◆ Your instructions ◆
From the material below, set down exactly the lines that run from the one containing "Platinum 1.67ct sapphire" to the one containing "texture, design bright", minus the pictures.

◆ Record extracts ◆

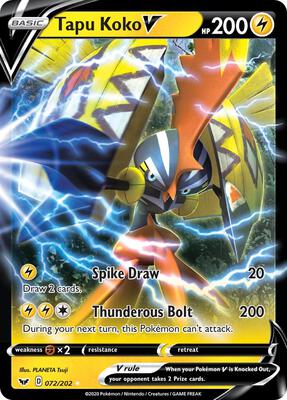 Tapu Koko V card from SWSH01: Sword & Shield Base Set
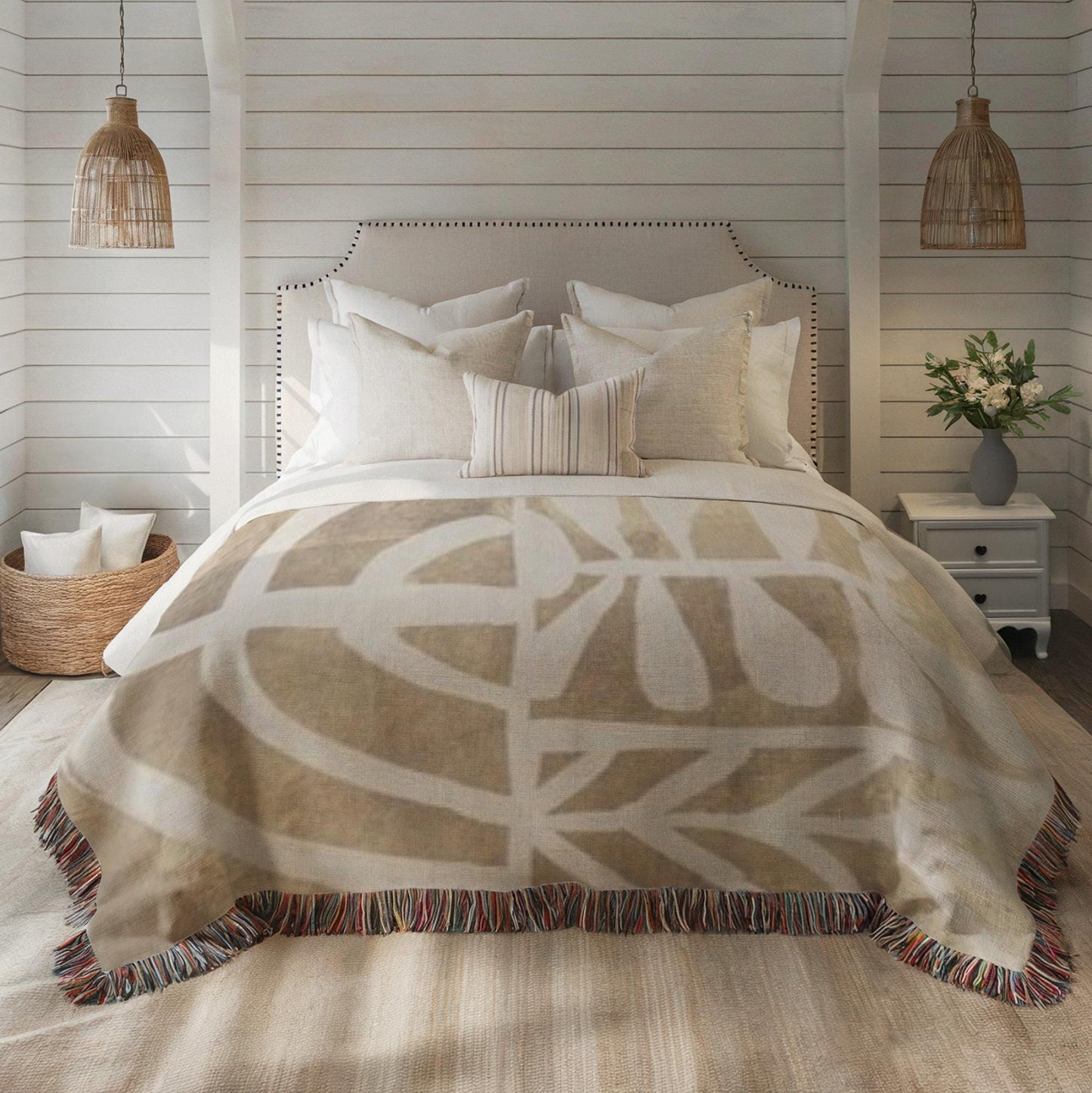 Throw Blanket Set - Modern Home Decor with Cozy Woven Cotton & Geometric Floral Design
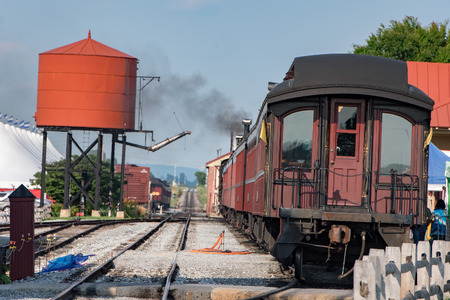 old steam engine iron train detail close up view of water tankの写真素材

* * *

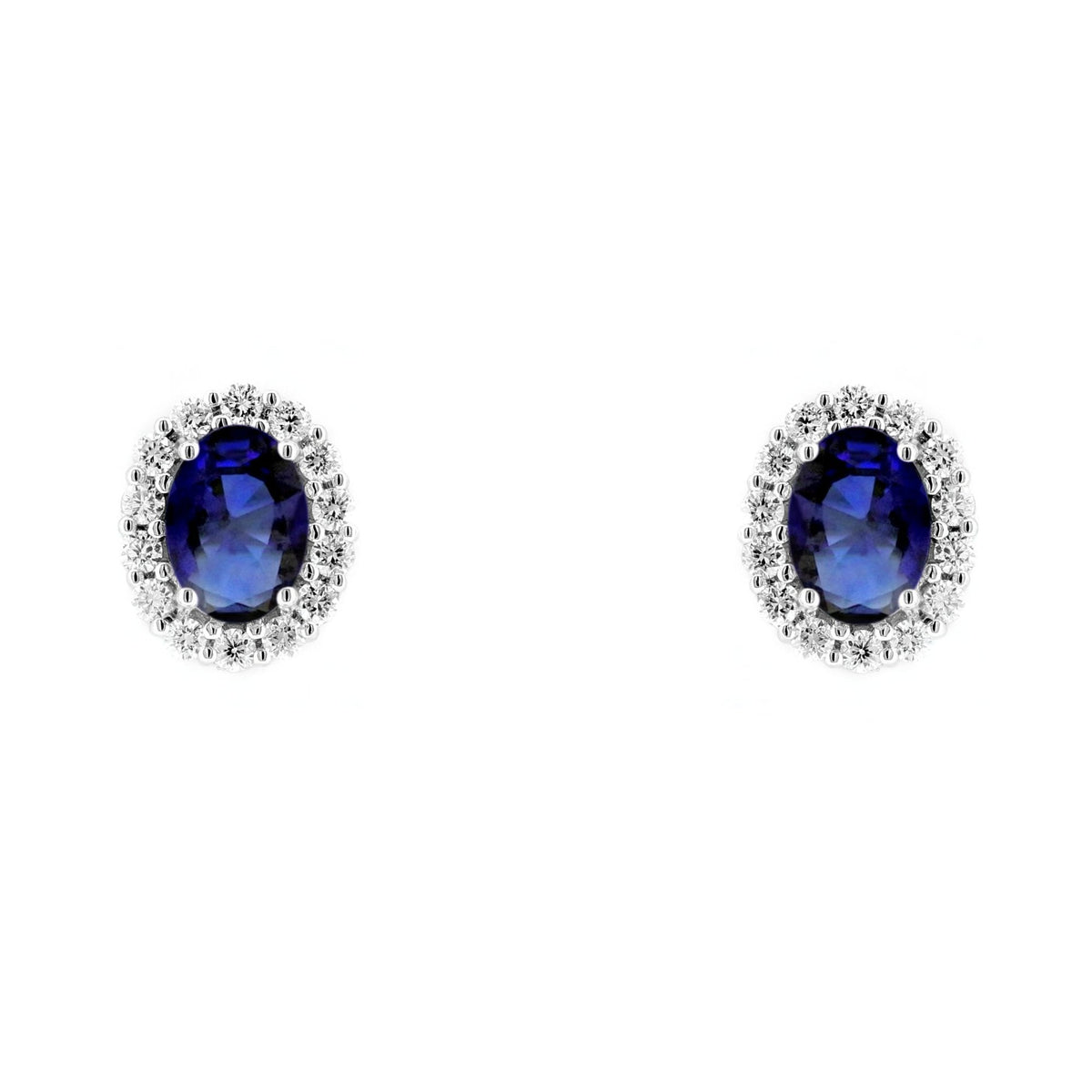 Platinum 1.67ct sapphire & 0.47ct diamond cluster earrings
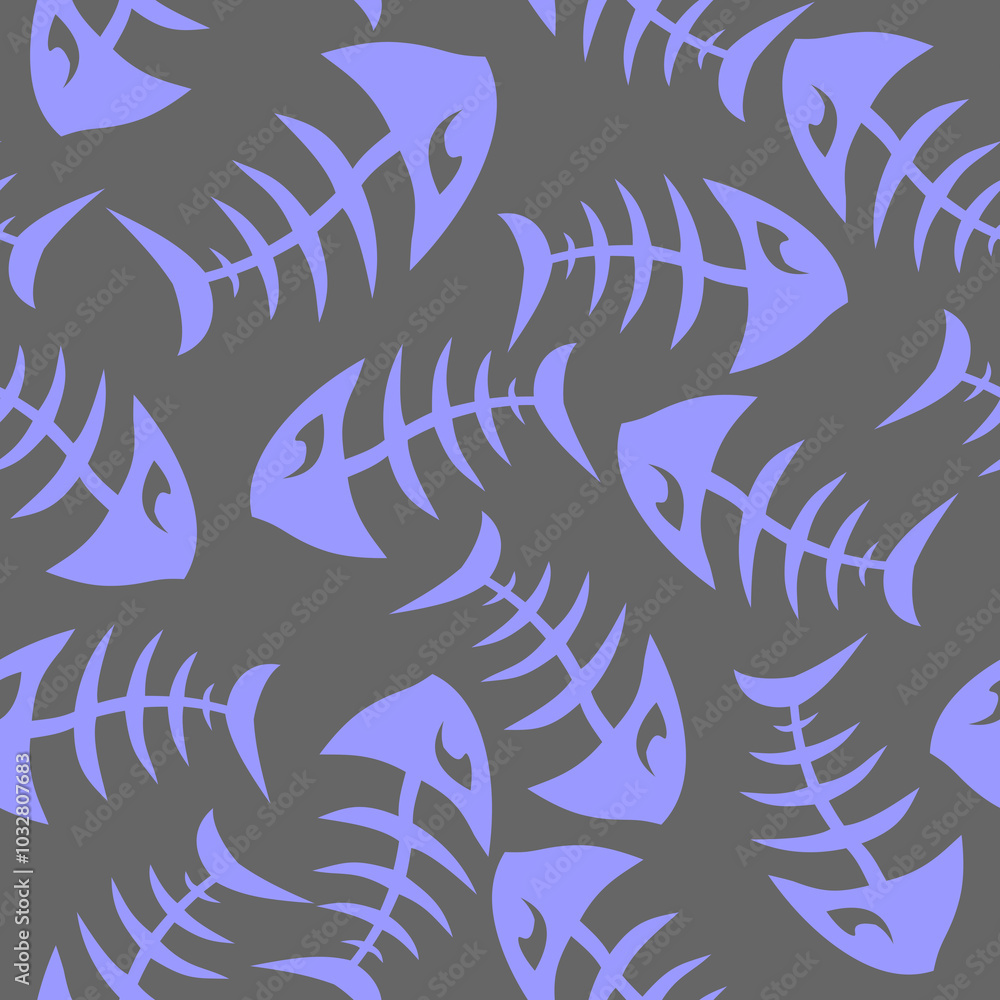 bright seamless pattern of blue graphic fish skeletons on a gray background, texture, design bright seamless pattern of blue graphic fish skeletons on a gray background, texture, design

◆ Expected output ◆
 Platinum 1.67ct sapphire & 0.47ct diamond cluster earrings
 bright seamless pattern of blue graphic fish skeletons on a gray background, texture, design bright seamless pattern of blue graphic fish skeletons on a gray background, texture, design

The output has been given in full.